Pero lo cierto es que la aparición de esos aparatos, más baratos y manejables que los demás ordenadores, multiplicó el uso de la inter-net: millones de personas que no podían tener una conexión en su casa dieron con una en su teléfono y muchos más que sí la tenían dejaron de depender de su posición para “conectarse” —así que nunca se desconectaban.
“En los países ricos hay más líneas de teléfonos móviles que personas, es decir: muchos tienen más de una. En África, incluso, donde hace nada no había casi ninguna, ahora hay 80 líneas cada cien personas. Y su presencia es permanente: el móvil es, ahora, la máquina con la que cada quien pasa más tiempo. Horas y horas cada día, y esa sensación de que sin tu móvil no eres nadie: no verlo unos minutos es zozobra. Las personas no hacen nada sin ese trozo de metal y vidrio, lo buscan, lo atienden sin parar, en el trabajo, en la casa, en el baño, en la cama; cualquier transporte es otra excusa para enfrascarse en él. El móvil ha cambiado realmente la forma en que vivimos, las formas en que convivimos, las vigilancias que sufrimos: los móviles saben más de nosotros que nosotros y se lo soplan a sus amos. Es de esas rarezas que se convierten en normalidad, novedades que olvidamos que son nuevas: ya no sabemos cómo era preguntar cómo se llega a tal lugar, enterarse de las noticias a la noche, ligar en un azar, no registrar cada momento con imágenes, jugar a no jugar, pensar un rato, pensar incluso antes de hablar, perderse un par de horas”, escribió aquel autor.

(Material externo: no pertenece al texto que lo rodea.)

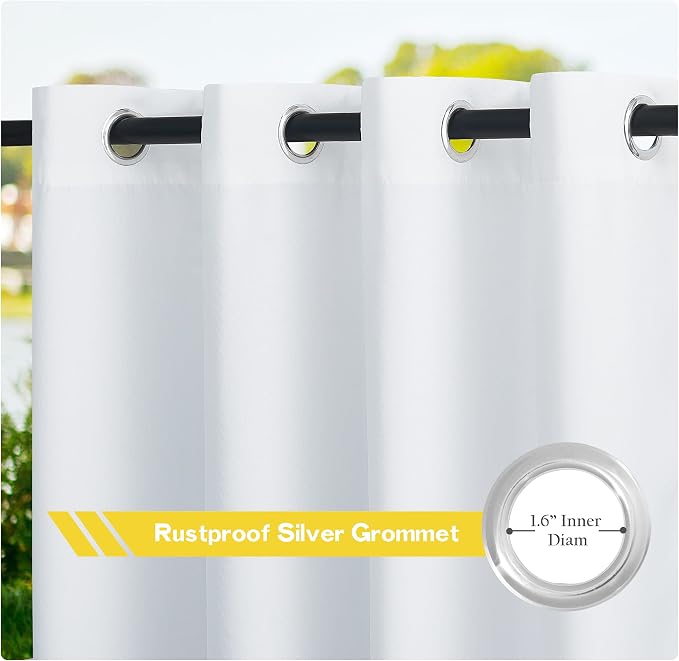 NICETOWN Canvas White Outdoor Curtains - Image 2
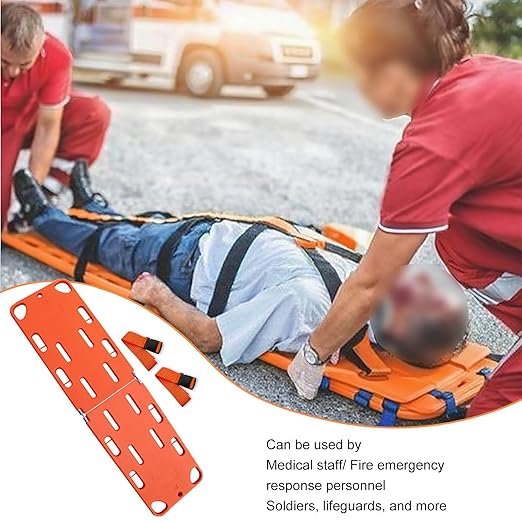 Spine Board Stretcher with Backboard Straps, Foldable Stretcher Medical Transport, Portable EMS Rescue Backboard Lightweight, 73x19.5in, Orange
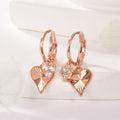 BnbGold 18K Twin Cubic Cut Heart One-Touch Earrings Pair PNE42049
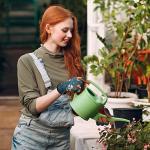 Bamllum Leather Gardening Gloves for Women - Working Gloves for Weeding, Digging, Planting, Raking and Pruning (Brown+Green)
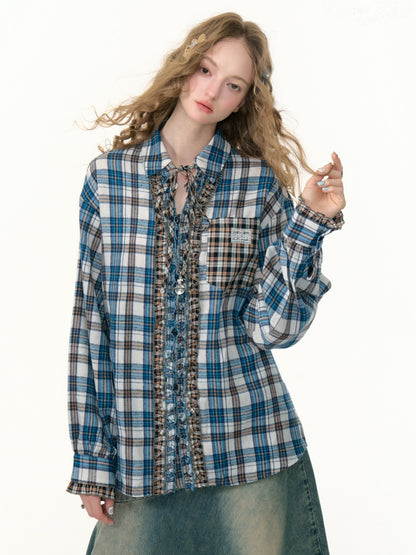 Ruffled Plaid Patch Pocket Shirt【s0000013797】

El “móvil” predominante en 2022 era un pequeño aparato de unos 200 gramos de peso y 50 centímetros cuadrados, con una pantalla que ocupaba toda la superficie y una o más lentes fotográficas (ver cap.16). Y los “móviles inteligentes”, hegemónicos en el MundoRico, ofrecían casi todo lo que ofrecía cualquier computadora y más: la portabilidad, la compañía permanente. Con ellos las personas se hablaban, se mensajeaban, se veían, se fotografiaban con denuedo, consultaban informaciones, escuchaban música, miraban películas, organizaban sus itinerarios, chequeaban el tiempo, anotaban sus obligaciones, apuntaban sus notas, grababan sus conversaciones, controlaban su salud, encontraban amantes, almacenaban sus documentos y pases y pasajes, compraban, vendían, presumían: era cierto que vivían adosadas a esa máquina cada momento de sus vidas. Se calculaba que un usuario medio la miraba cada cinco o diez minutos y, cuando no la miraba, seguía atento a sus anuncios, que le llegaban vía sonidos o vibraciones para avisarle que debía mirarla —aunque, ya entonces, los aparatos más “inteligentes” empezaban a comunicarse con sus portadores por pro-gramas de voz que, por momentos, les evitaban la tentación y el engorro de mirarlos.
Esos engendros eran un paso importante en la dirección que dominaría por un buen tiempo el desarrollo tecnológico: la concentración de las funciones, la búsqueda de la máquina única, capaz de responder a —casi— todas las necesidades. Tenía sentido en esos tiempos en que la comunicación todavía circulaba a través de aparatos.